→ Problem description
Nothing but the lines from the one containing "Graines biologiques reproductibles" through the last line of the records belongs in the answer, copied exactly and with the pictures left out.

→ Crawled caption data
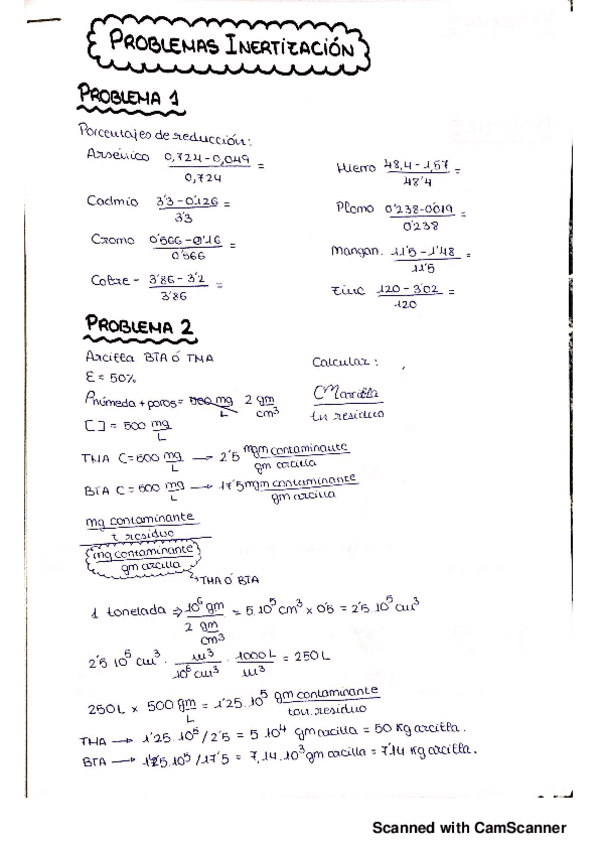 Miniatura del documento Problemas Inertización - CCI.pdf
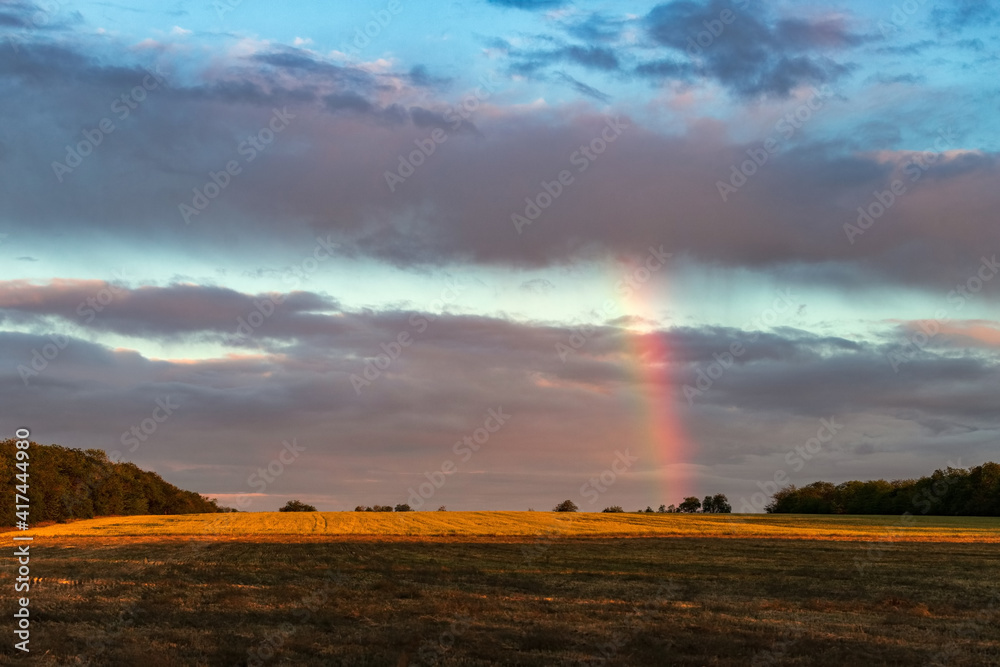 Fototapeta premium Summer landscape at sunset over a field, with a rainbow in the sky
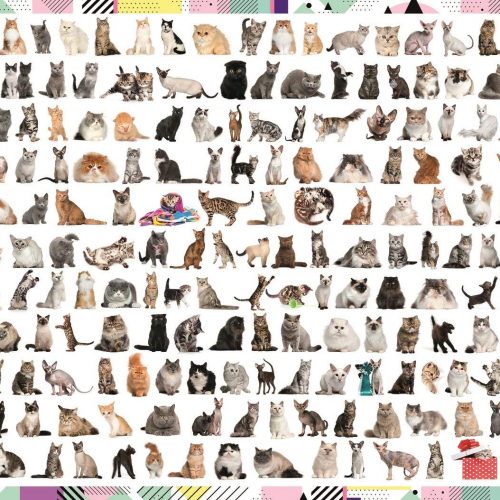 پازل ۱۰۰۰ تکه ۲۰۸ گربه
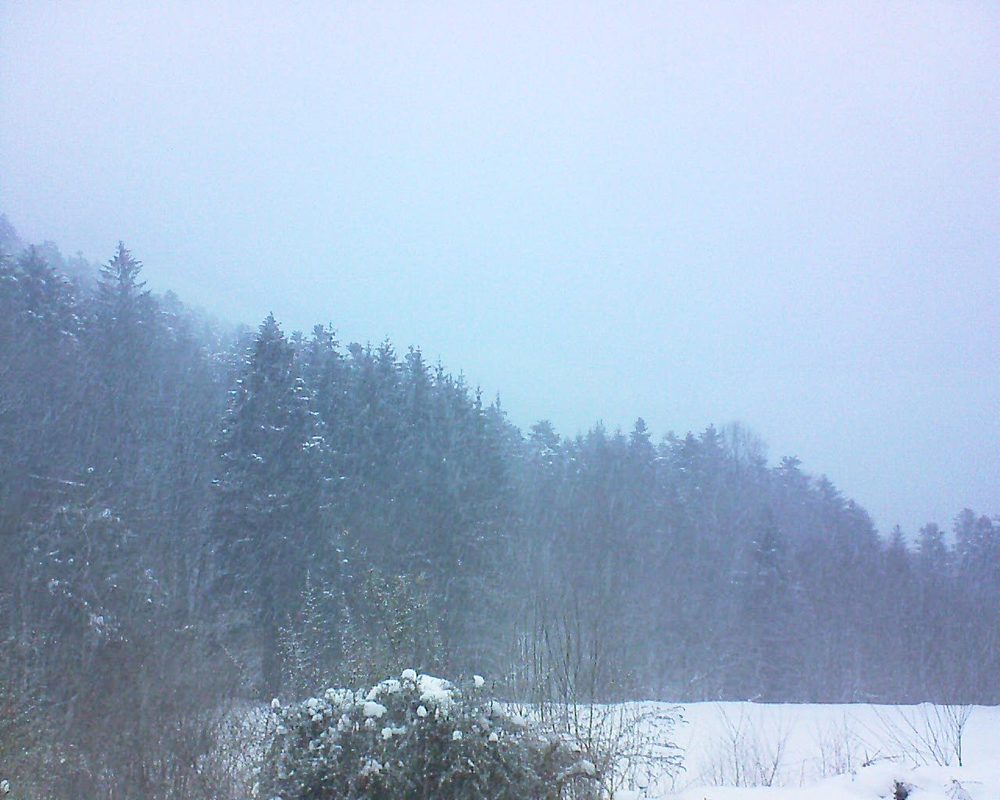 Le petit ballon (Alsace, Vosges) le 27.01.2021 à 08:30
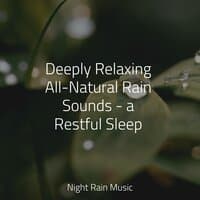 Deeply Relaxing All-Natural Rain Sounds - a Restful Sleep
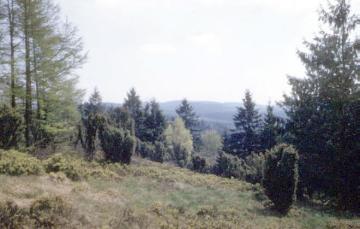 Teutoburger Wald/Eggebirge, Naturschutzgebiet Externsteine: Birken- und Wacholdergehölz auf dem "Bärenstein"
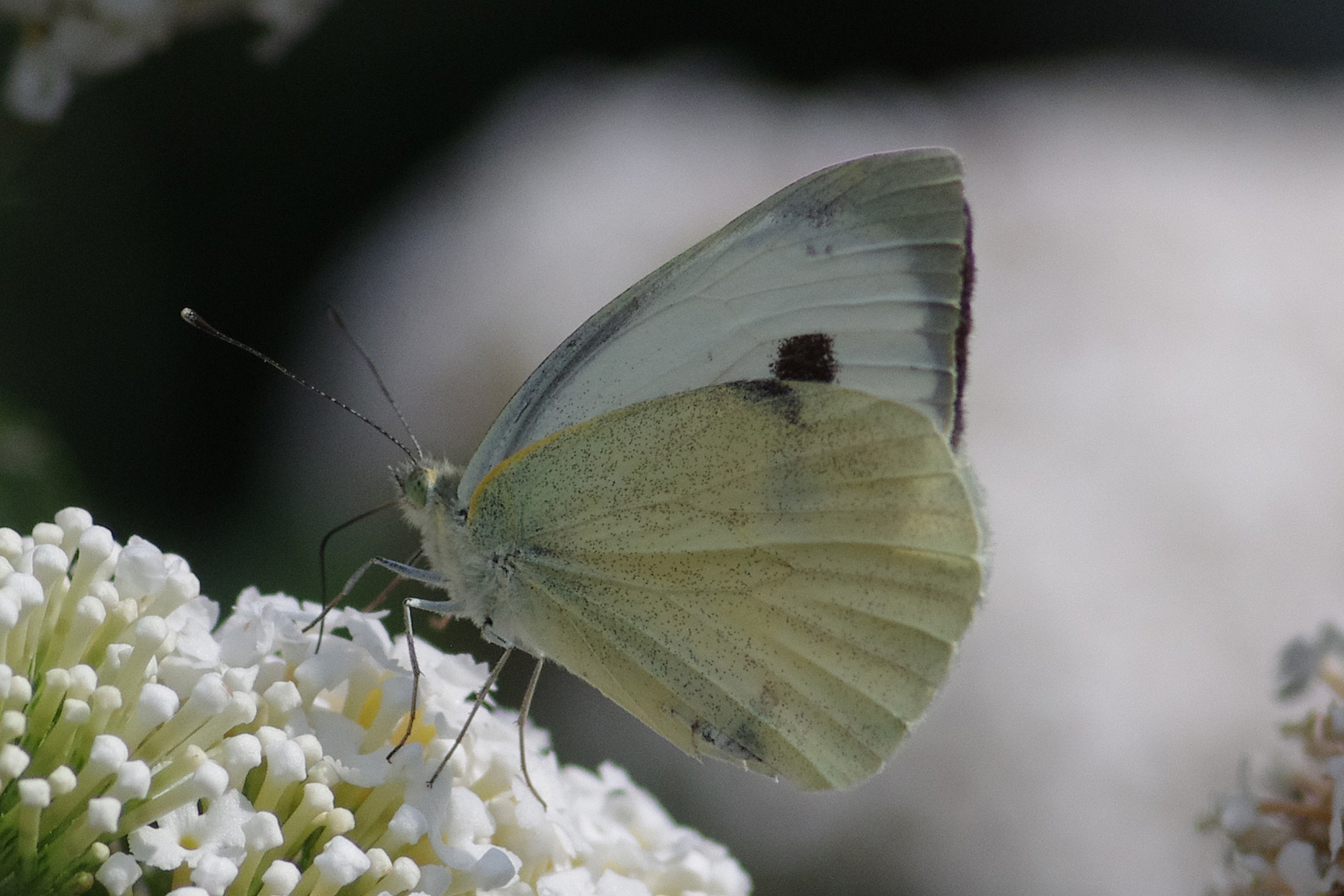 cabbage butterfly...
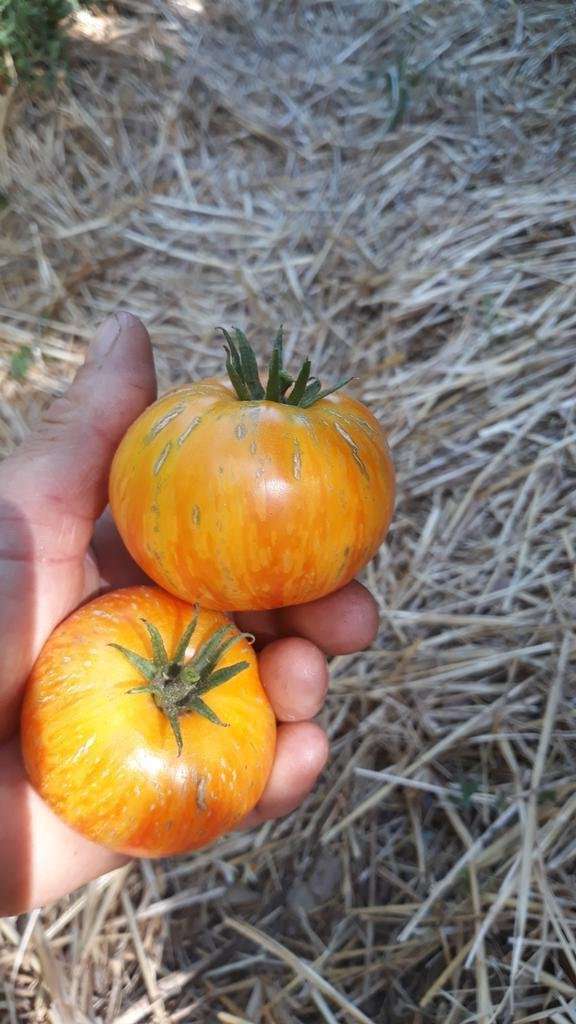 Graines biologiques reproductibles de Tomate "Beauty King" - Pensez Sauvage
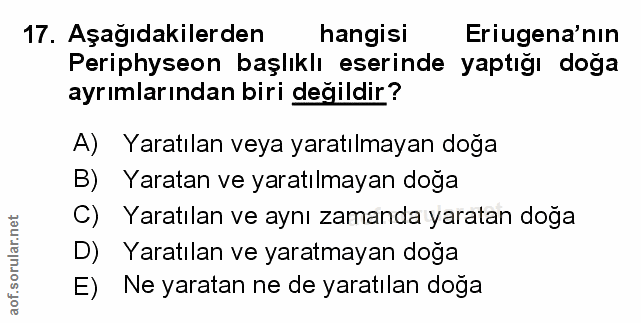 Soru 17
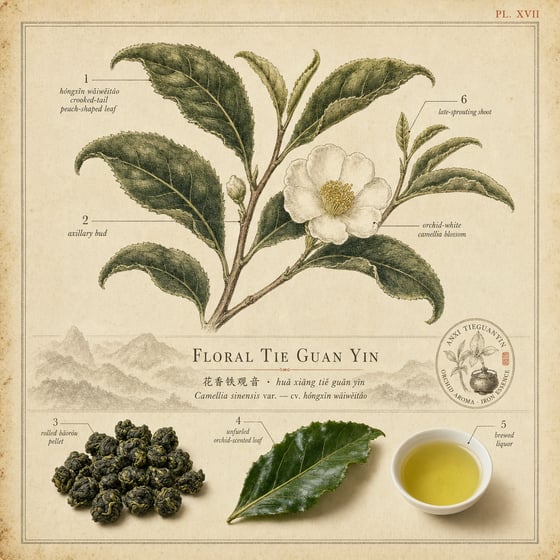Floral Tie Guan Yin
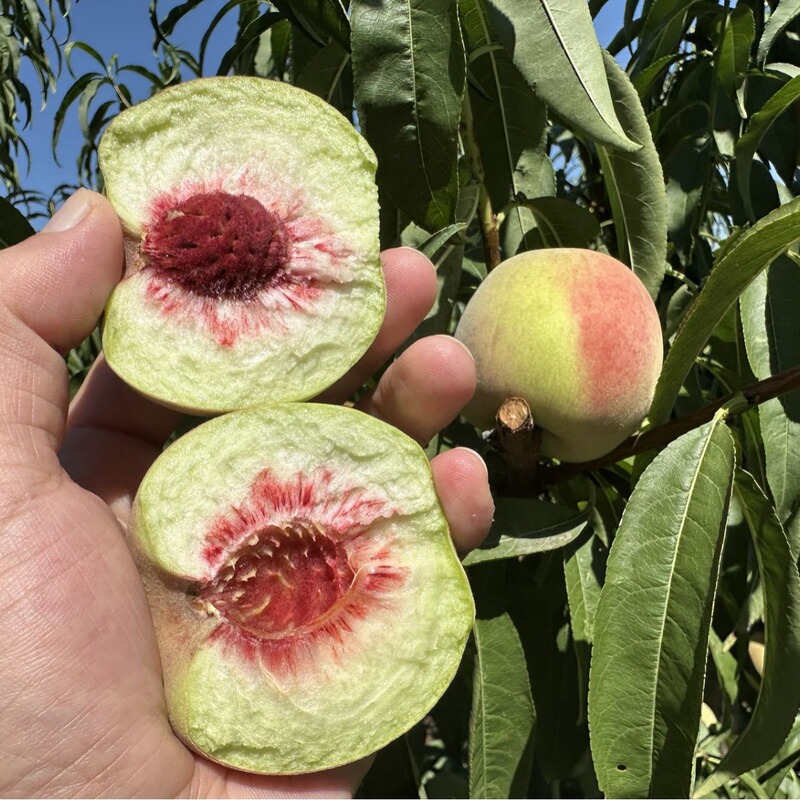 "Qingzhou Peach" Is a Genuine Qingzhou Small Peach with Round Shape, Tender Flesh, Sweet and Juicy, a Seasonal Fruit5 "Qingzhou Peach" Is a Genuine Qingzhou Small Peach with Round Shape, Tender Flesh, Sweet and Juicy, a Seasonal Fruit5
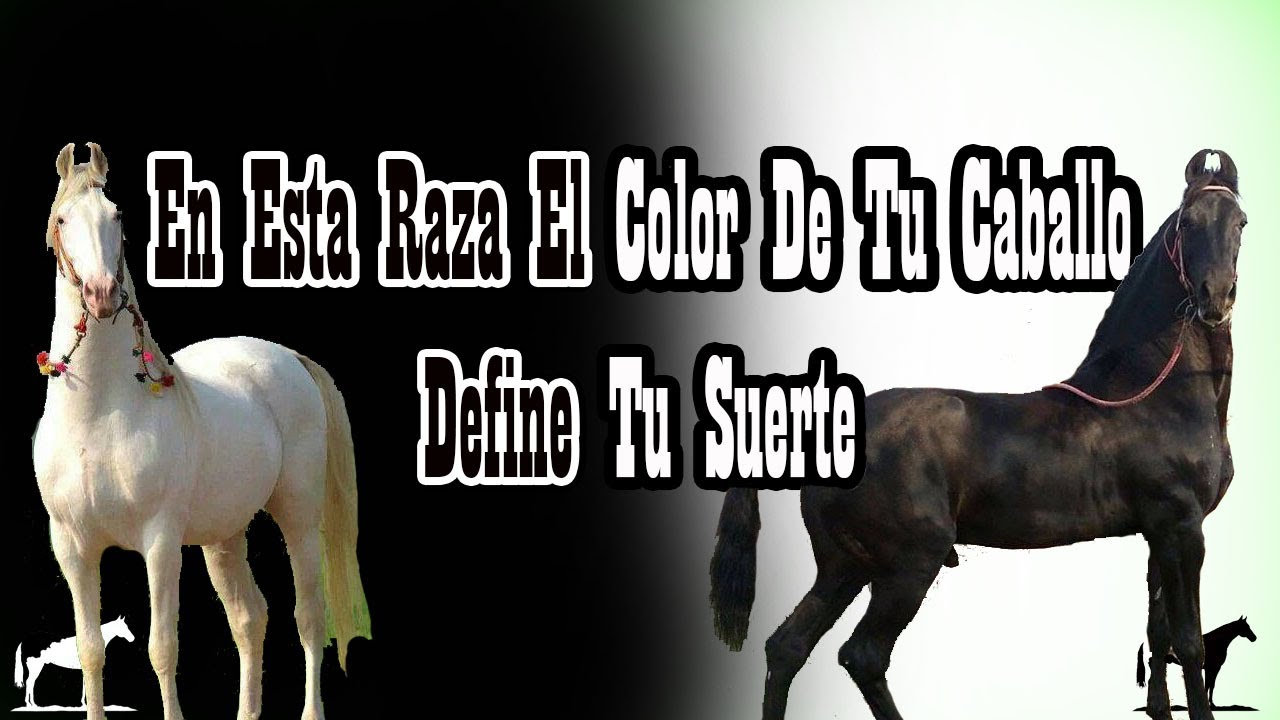 La Raza Marwari (No pueden salir de la India)🐴-Del Cerro Soy
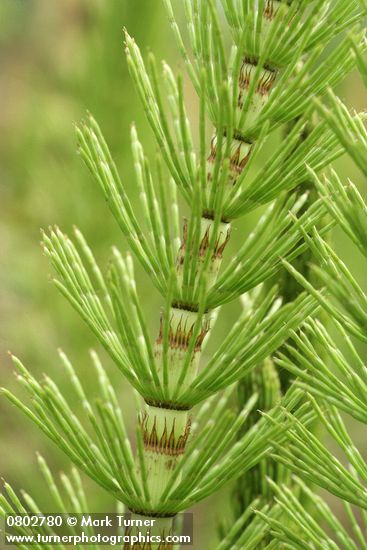 Equisetum telmateia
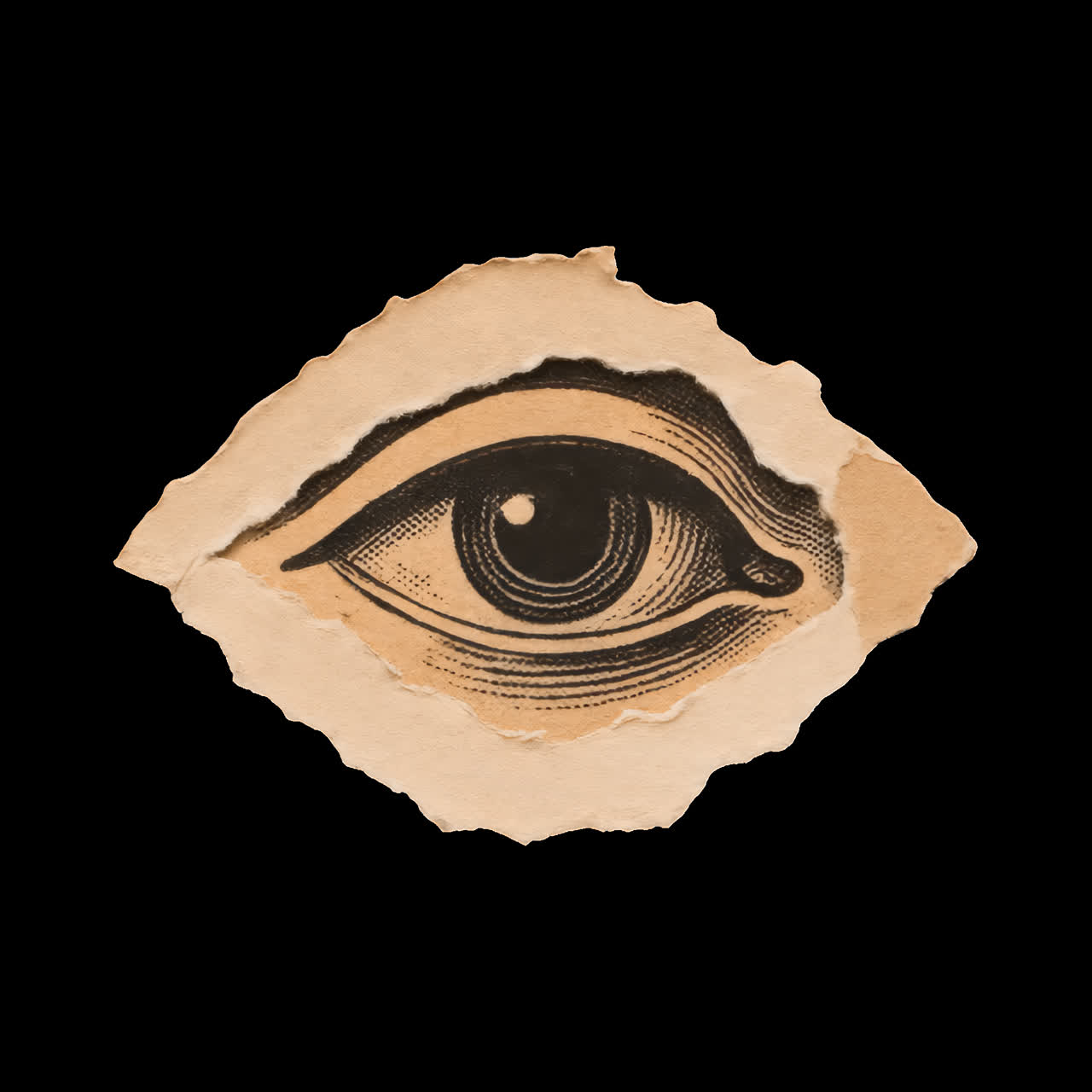Vintage eye collage art animation isolated asset, transparent 4K video, alpha channel, ProRes 4444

→ Reply to the task
 Graines biologiques reproductibles de Tomate "Beauty King" - Pensez Sauvage
 Soru 17
Floral Tie Guan Yin
 "Qingzhou Peach" Is a Genuine Qingzhou Small Peach with Round Shape, Tender Flesh, Sweet and Juicy, a Seasonal Fruit5 "Qingzhou Peach" Is a Genuine Qingzhou Small Peach with Round Shape, Tender Flesh, Sweet and Juicy, a Seasonal Fruit5
 La Raza Marwari (No pueden salir de la India)🐴-Del Cerro Soy
 Equisetum telmateia
Vintage eye collage art animation isolated asset, transparent 4K video, alpha channel, ProRes 4444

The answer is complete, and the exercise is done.